Process identification from p * v^n = C If a compressible system follows the law p * v^n = constant and the polytropic index n tends to infinity (n → ∞), then the process is effectively which type?

Introduction / Context:
The generalized polytropic law p * v^n = constant unifies several familiar processes. Recognizing special values and limits of n helps identify the corresponding physical process (isothermal, adiabatic, isobaric, or isochoric).

Given Data / Assumptions:

• Quasi-equilibrium compression/expansion so that state variables are well defined.
• Polytropic index n is constant during the process.
• Ideal-gas intuition may be used for interpretation, though the identification via limits is general.

Concept / Approach:
Important polytropic special cases: n = 1 → isothermal (for ideal gases), n = γ → reversible adiabatic, n = 0 → isobaric. The limit n → ∞ forces the volume to remain constant to keep p * v^n finite, representing an isochoric (constant volume) process.

Step-by-Step Solution:
Start with p * v^n = C.Let n grow very large. Any small change in v would make v^n blow up or vanish unless v is fixed.Thus, to satisfy the relation with finite C, v must remain constant, i.e., an isochoric process.Therefore, the correct identification is constant volume process.

Verification / Alternative check:
Graphically on a p–v diagram, as n increases, polytropes get steeper, approaching a vertical line (v = constant) in the limit n → ∞.

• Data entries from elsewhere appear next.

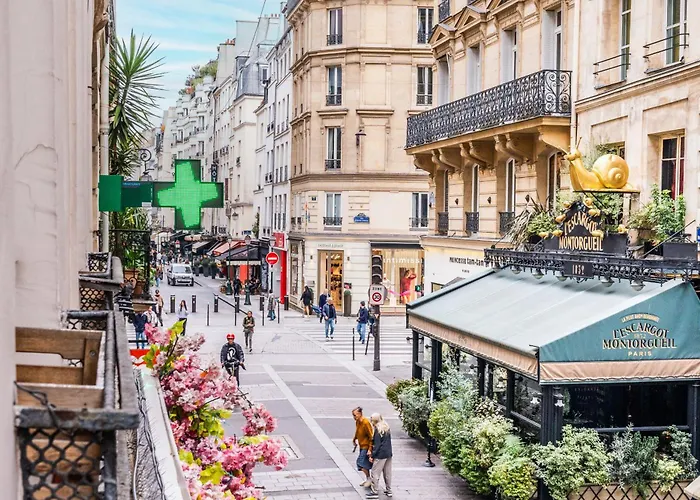 Luxury Apartement, Center Of Apartment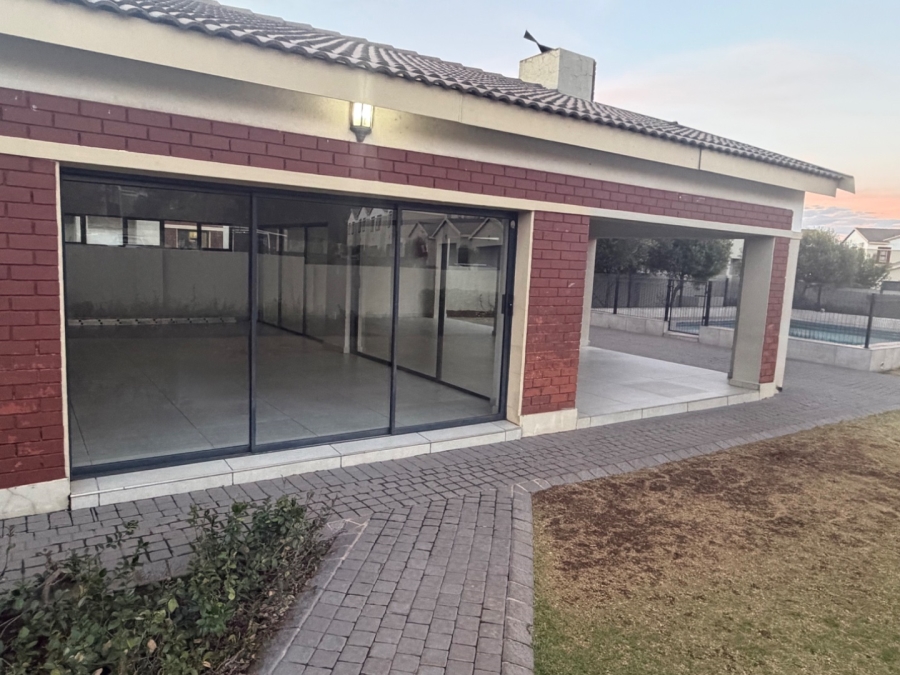 3 Bedroom Property for Sale in Equestria Gauteng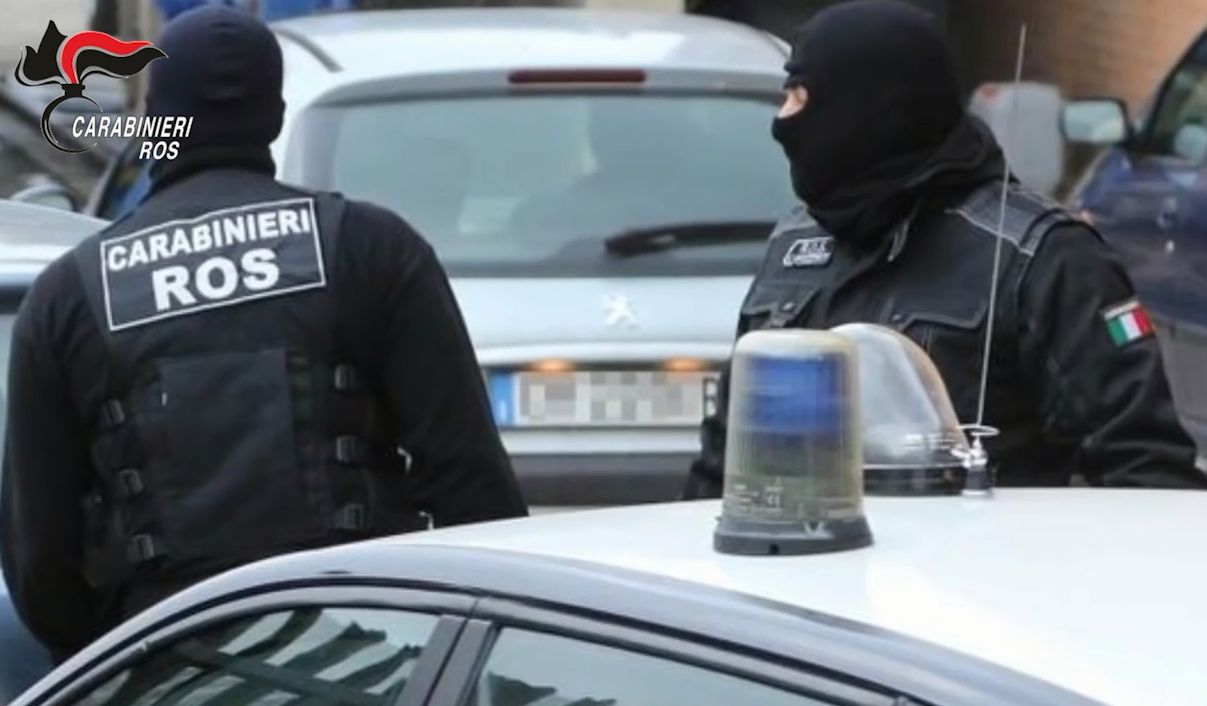 Aiutò il boss Messina Denaro durante la latitanza, arrestata insegnante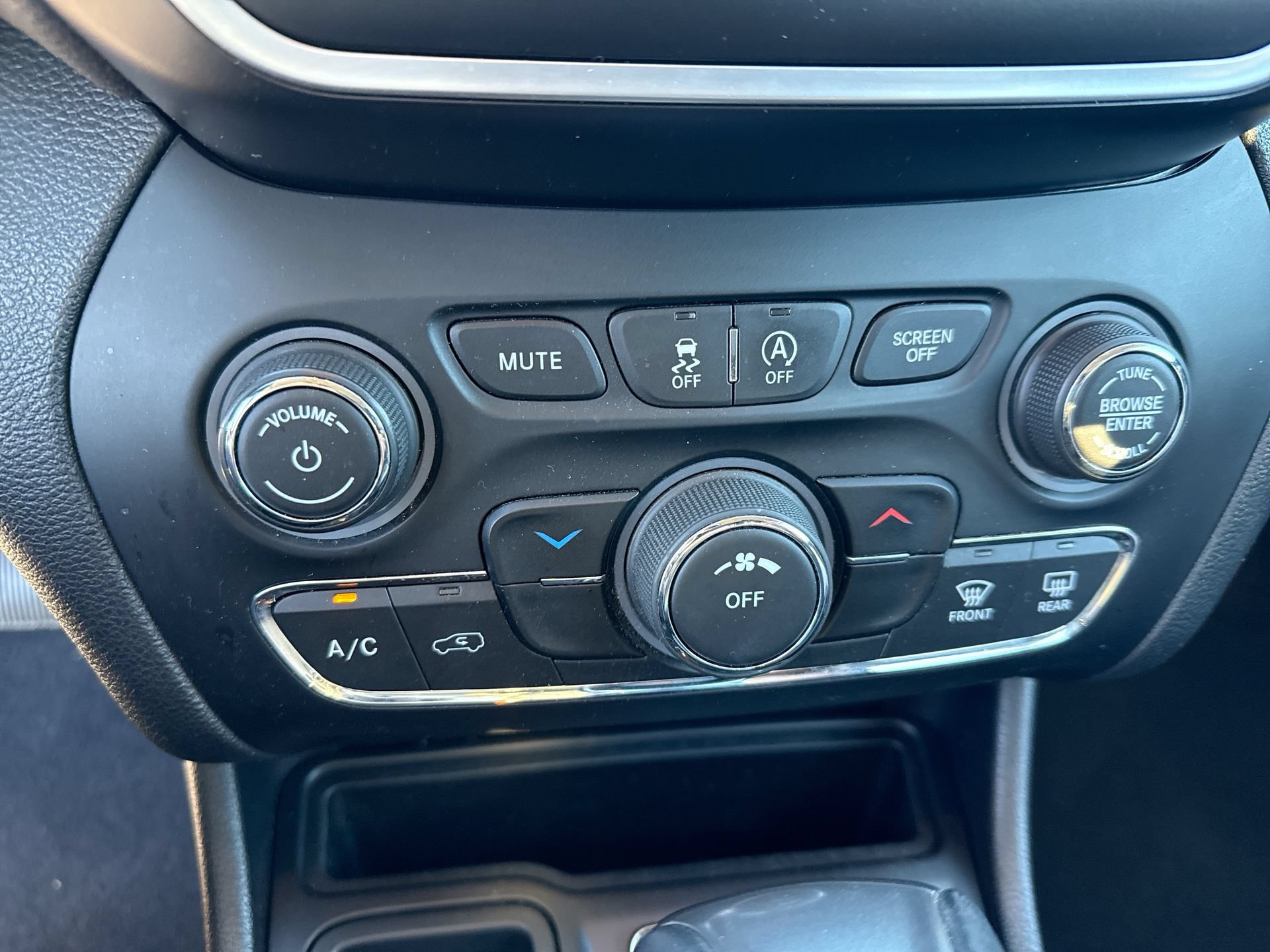 Used 2019 Jeep Cherokee Latitude Plus FWD image 12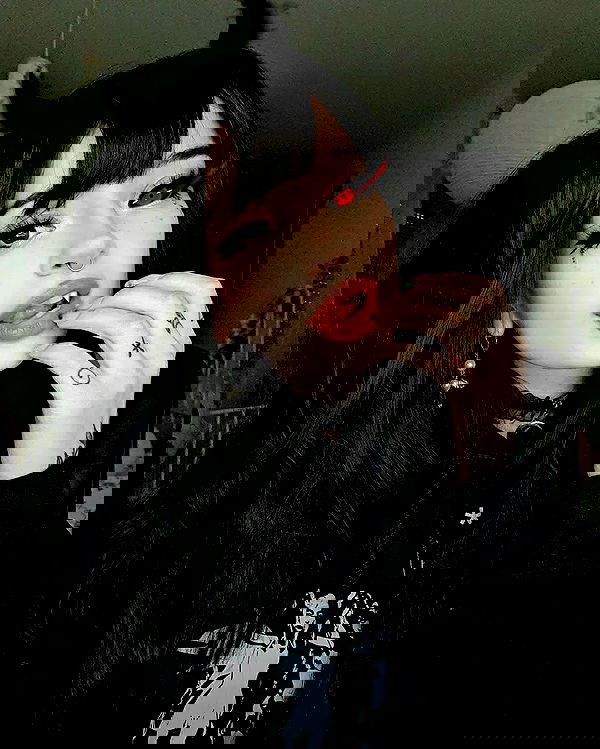 cata.leyah image ~ Altpins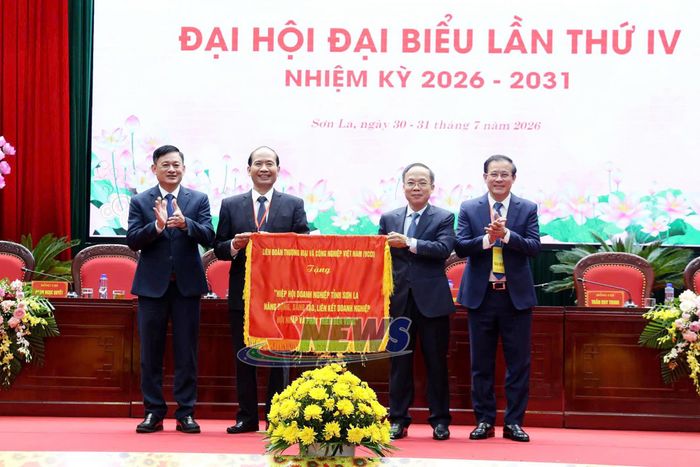 Liên đoàn Thương mại và Công nghiệp Việt Nam (VCCI) tặng Bức trướng cho Hiệp hội Doanh nghiệp tỉnh Sơn La.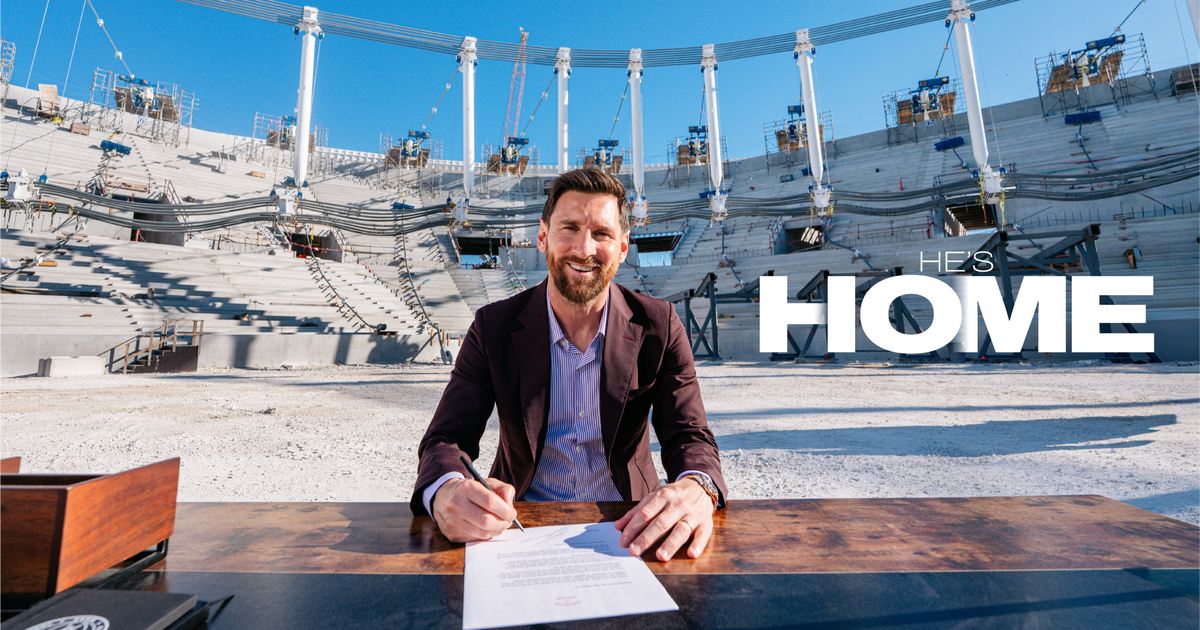 Lionel Messi signs 3-year contract extension with Inter Miami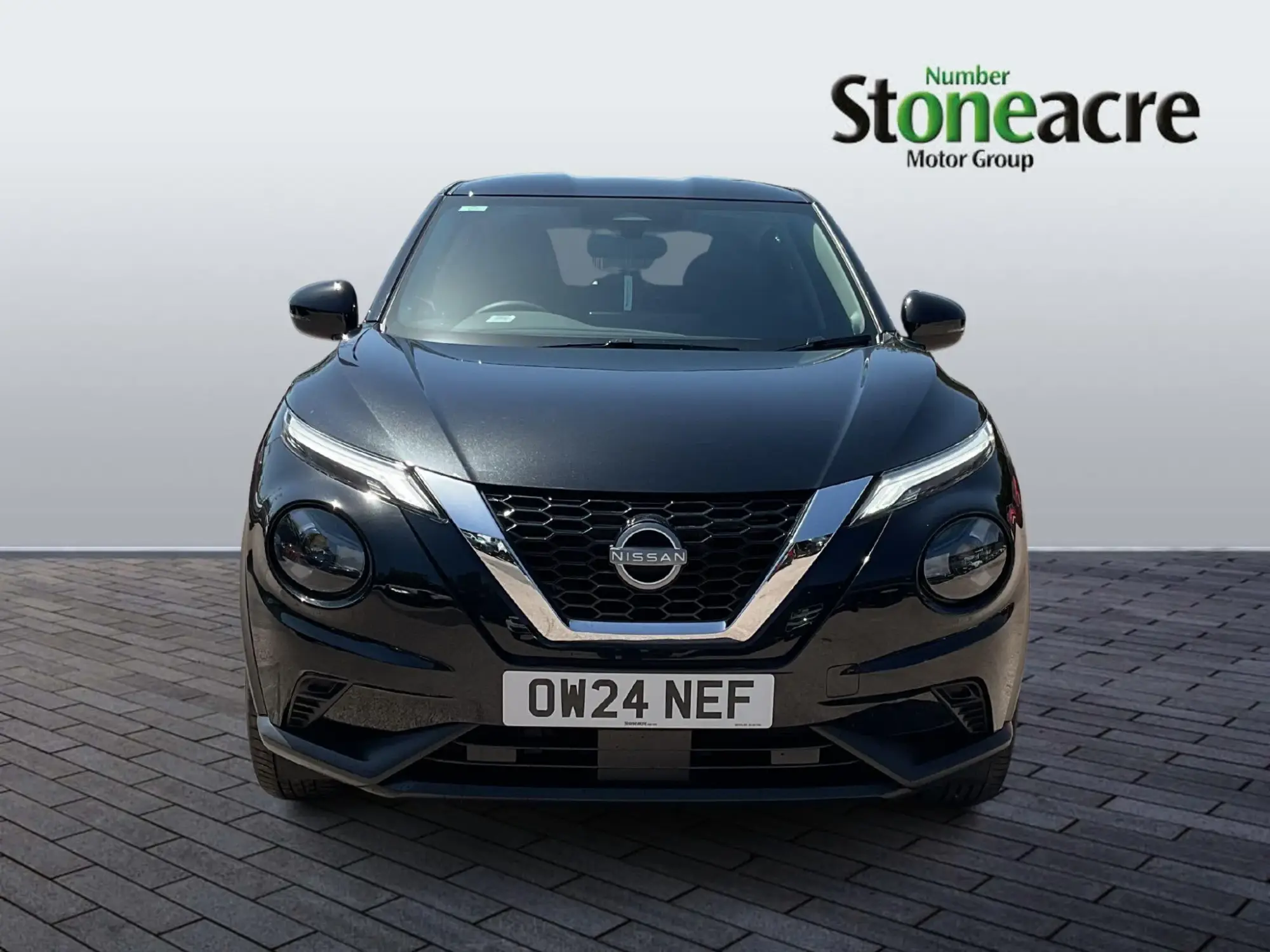 Nissan Juke 1.0 DIG-T Acenta Premium Euro 6 (s/s) 5dr OW24NEF Image 2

Why Other Options Are Wrong:

• Adiabatic corresponds to n = γ, not n → ∞.
• Isothermal corresponds to n = 1 (ideal gas).
• Isobaric corresponds to n = 0.
• Free expansion has no defined p–v path satisfying a polytropic law.

Common Pitfalls:
Confusing the adiabatic value γ (about 1.3–1.67) with very large n; they have very different geometric interpretations.

Final Answer:
constant volume process